*Information*:
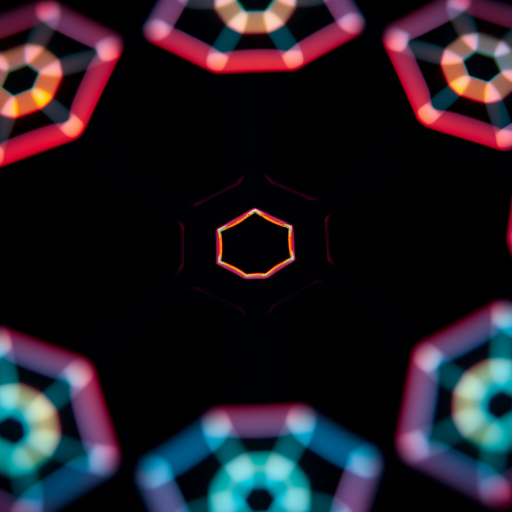 Create a close-up view of a hexagonal pattern with glowing edges on a dark background, using a macro lens, aperture f/2.8, ISO 100, 1/250s shutter speed, with soft bokeh and vibrant colors.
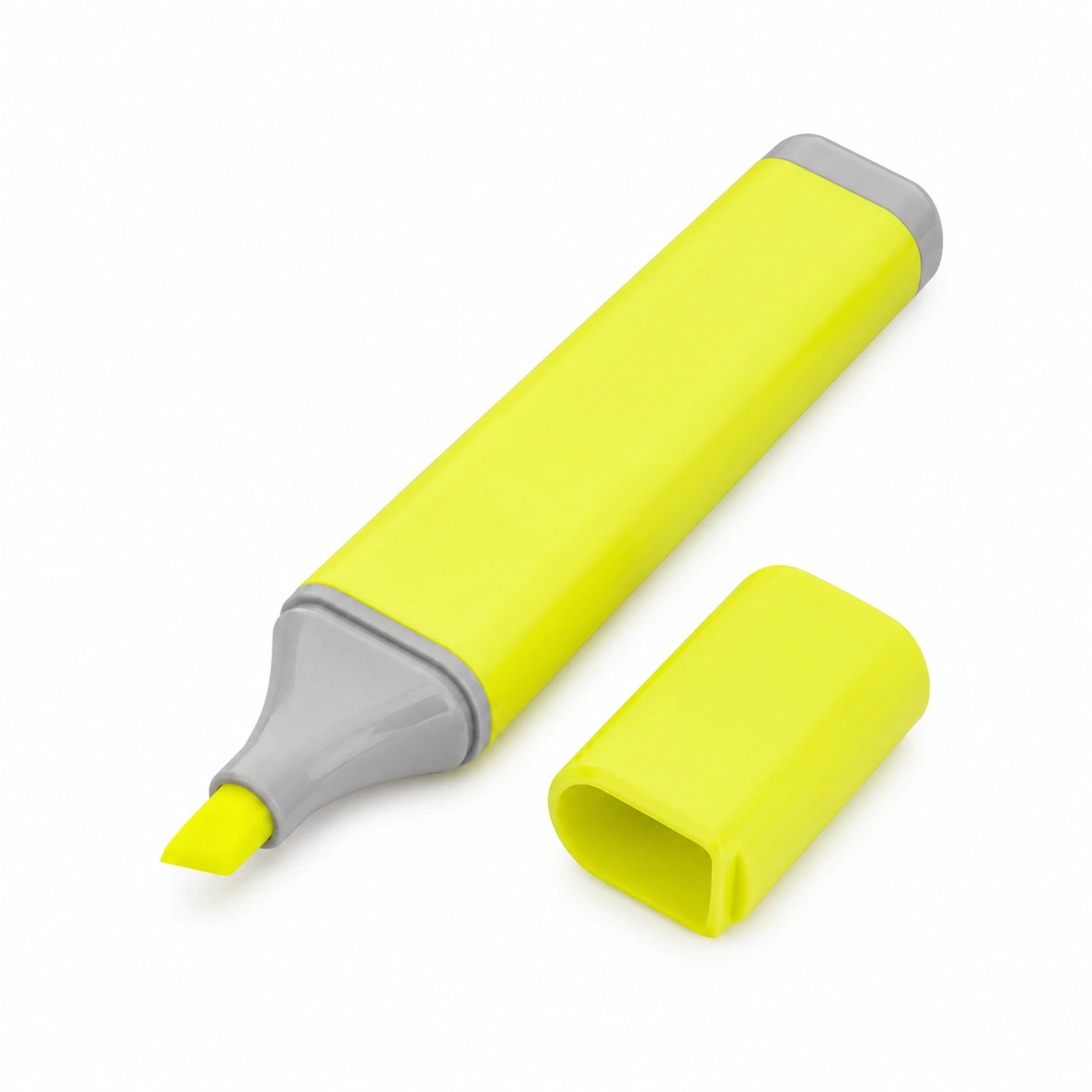 Neongelber Textmarker mit Keilspitze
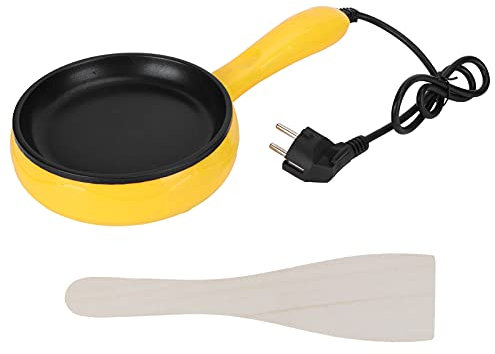 Hztyyier Mini-Griddle Antihaft Bratpfanne mit Holzspatel für Steaks und Spiegeleier, Gelb, Modern, ABS, EU Plug 220V, 350W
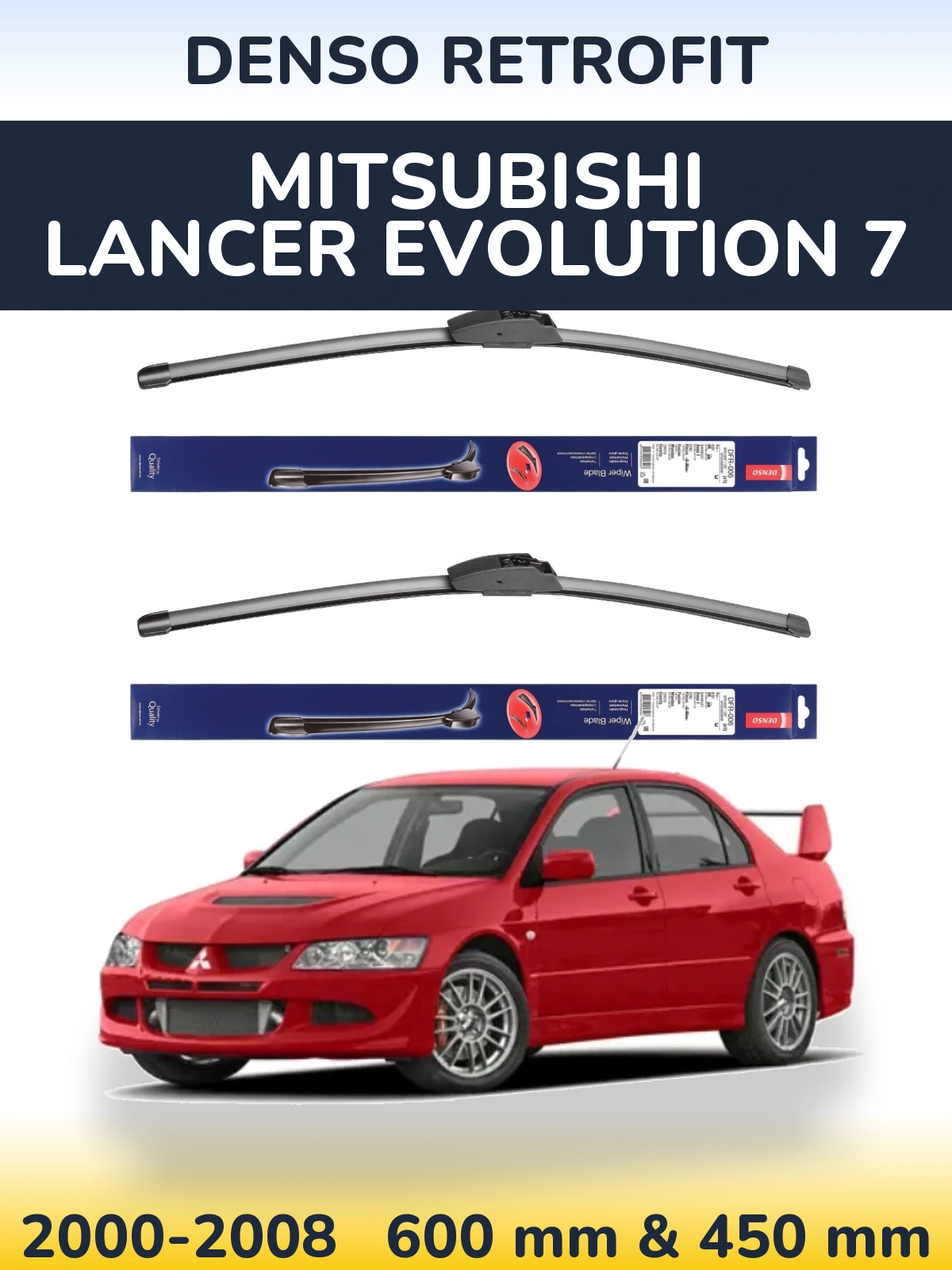 Komplet przednich wycieraczek Denso Retrofit 600 & 450 mm do Mitsubishi Lancer Evolution 7 2000-2008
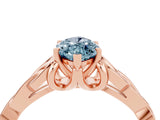 Rose gold Marquise Cut Aquamarine Solitaire Engagement Ring with Celtic Knot Band and Four-Prong Setting_4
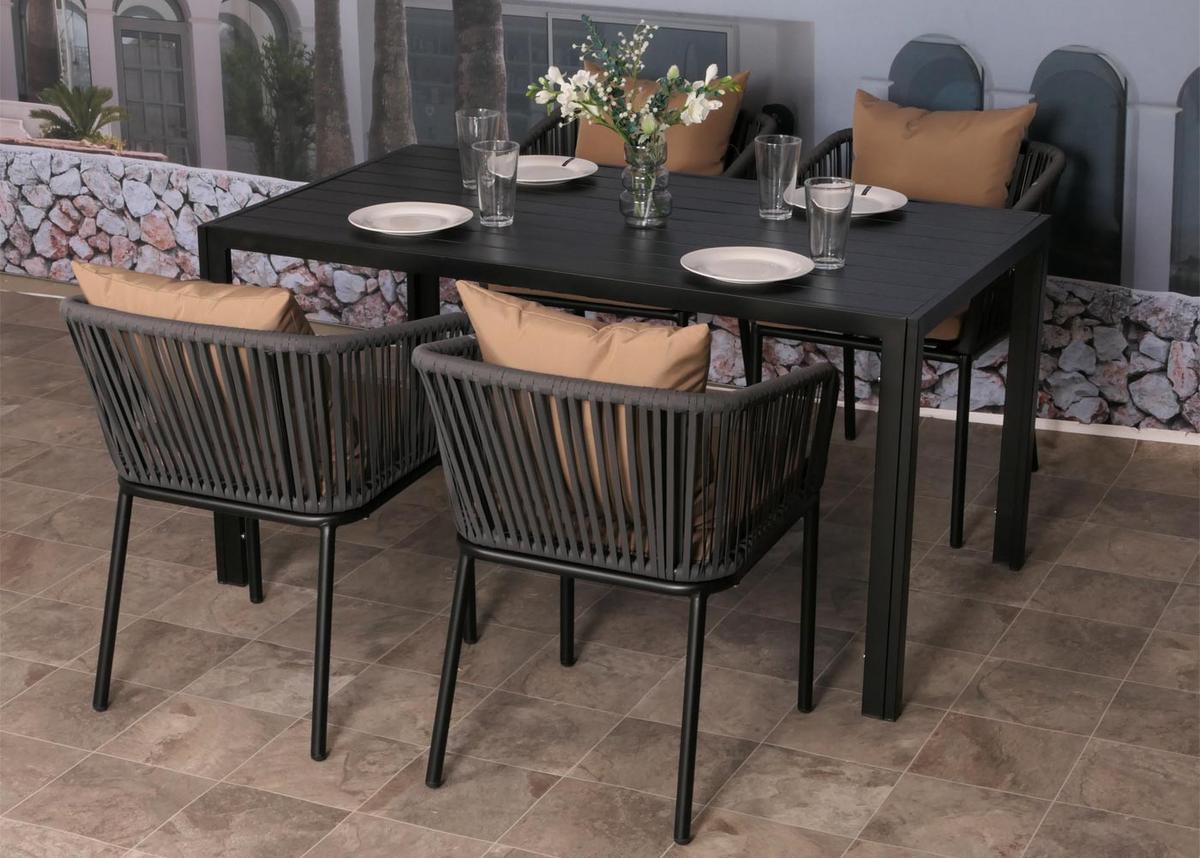 ALU-ESSTISCH rechteck Anthrazit - Anthrazit, Metall (80/140/72cm) - MCW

*Problem details*: Extract all the data above exactly, excluding every picture.

*Completed task*:
 Create a close-up view of a hexagonal pattern with glowing edges on a dark background, using a macro lens, aperture f/2.8, ISO 100, 1/250s shutter speed, with soft bokeh and vibrant colors.
 Neongelber Textmarker mit Keilspitze
 Hztyyier Mini-Griddle Antihaft Bratpfanne mit Holzspatel für Steaks und Spiegeleier, Gelb, Modern, ABS, EU Plug 220V, 350W
 Komplet przednich wycieraczek Denso Retrofit 600 & 450 mm do Mitsubishi Lancer Evolution 7 2000-2008
 Rose gold Marquise Cut Aquamarine Solitaire Engagement Ring with Celtic Knot Band and Four-Prong Setting_4
 ALU-ESSTISCH rechteck Anthrazit - Anthrazit, Metall (80/140/72cm) - MCW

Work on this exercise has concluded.